On Feb. 26, the five commissioners of the Federal Communications Commission (FCC) voted along party lines -- 3 (Democrats) -- 2 (Republicans) -- to enable net neutrality.

While this debate started many years ago and is far from over, especially with Senate testimony from the five FCC commissioners expected on March 18, it's worthwhile to look at the history of the Internet to better understand how we’ve landed here and what this might mean going forward.

In general terms, net neutrality refers to the principle that Internet Service Providers (ISPs) should enable access to all content and applications regardless of the source and without favoring or blocking particular products or websites.

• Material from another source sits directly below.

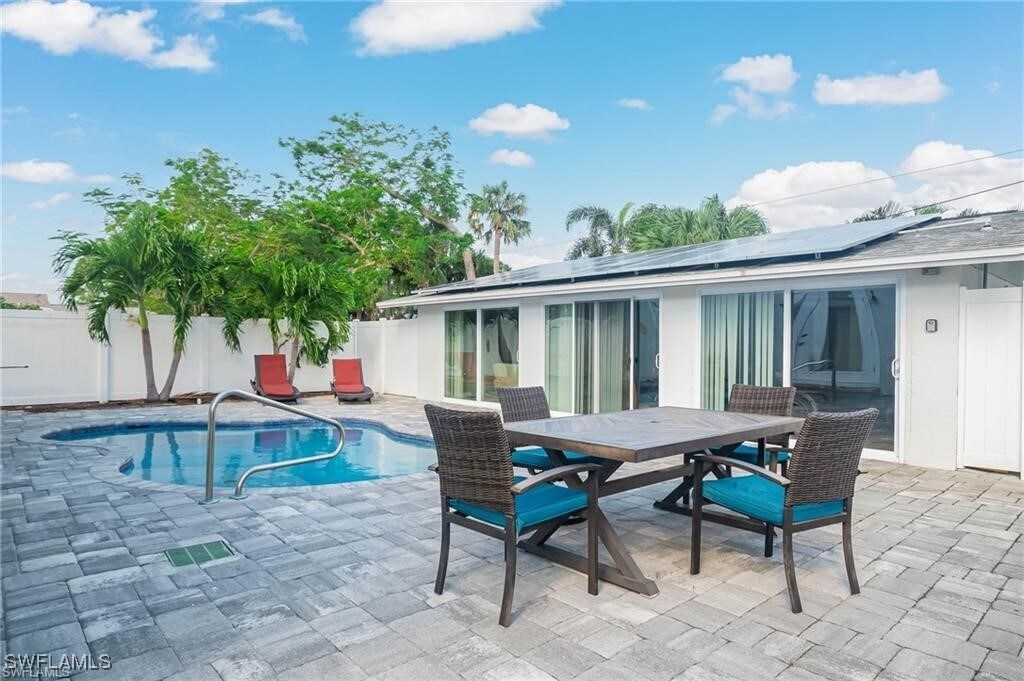 773 95th Ave N in Naples, FL - Building Photo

These 3 Bright Line Rules support an open Internet:

  • No Blocking: broadband providers may not block access to legal content, applications, services or non-harmful devices.
  • No Throttling: broadband providers may not impair or degrade lawful Internet traffic on the basis of content, applications, services, or non-harmful devices.
  • No Paid Prioritization: broadband providers may not favor some lawful Internet traffic over other lawful traffic in exchange for consideration of any kind -- in other words “no fast lanes”. This rule also bans ISPs from prioritizing content and services of their affiliates.

A Brief History Lesson

The basic concepts for the Internet emerged in the 1960s with the development of packet switching network concepts and prototypes by researchers in the UK and US. Advanced Research Projects Agency Network (ARPANET) was conceived by ARPA, a government agency inside the US Department of Defense, to validate the concept of packet switching so computers at several academic and research institutions, initially Stanford, UCLA, UCSB and University of Utah, could communicate with each other.

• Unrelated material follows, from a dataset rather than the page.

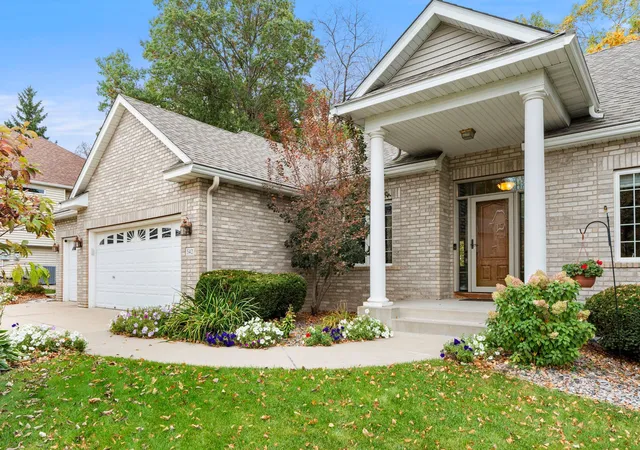 Photo 1 of Single family home for sale at 542 Majestic Oaks Ct, Eagan, MN 55123 | MLS# 7160634 | Listing updated on 2026-10-28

The point? The government conceived of and was the primary maintainer of the Internet until 1992, when it passed the Scientific and Advanced Technology Act. This enabled commercial traffic on the Internet. Government has had a tremendous influence over the emergence of this technology and while its grip has loosened over the last 20 plus years, the government's involvement helped shape the Internet. 

It should therefore come as no surprise that the FCC was given more of a role overseeing the Internet as a result of the Telecommunications Act of 1996. Its predecessor, the Communications Act of 1934, led to the creation of the FCC and laid the foundation for its oversight of the telecommunications industry.

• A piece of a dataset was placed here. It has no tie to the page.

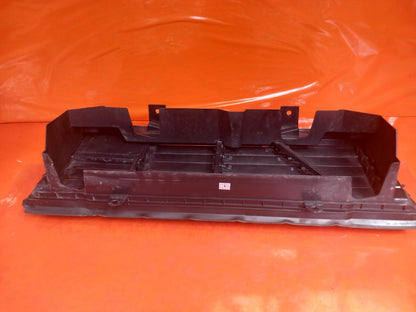 2025 Land Rover Defender L663 Front Grill Shutter L8B2-8475-AC Warranty A396 - Image 4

In 2005, the FCC further established its oversight by releasing its “Internet policy statement.” Given an over 80 year history of involvement in the US telecommunications infrastructure, the FCC and government have had significant influence on shaping policy for the telecommunications industry which since the mid 90s has included the Internet. That being said, the FCC’s oversight of the Internet has been relatively hands off, until recently.

Then Senator Barack Obama came out in favor of net neutrality in 2007. He said if elected President, he would protect a free and open Internet. He’s acted as a strong advocate of net neutrality since, reiterating once again the need for net neutrality last November.

Fast forward to May, 2014. The FCC opened a four month public comment period on Internet regulatory structure and net neutrality. It received close to 4 million responses from Americans -- the most comments it has ever received for an issue opened up for public comment.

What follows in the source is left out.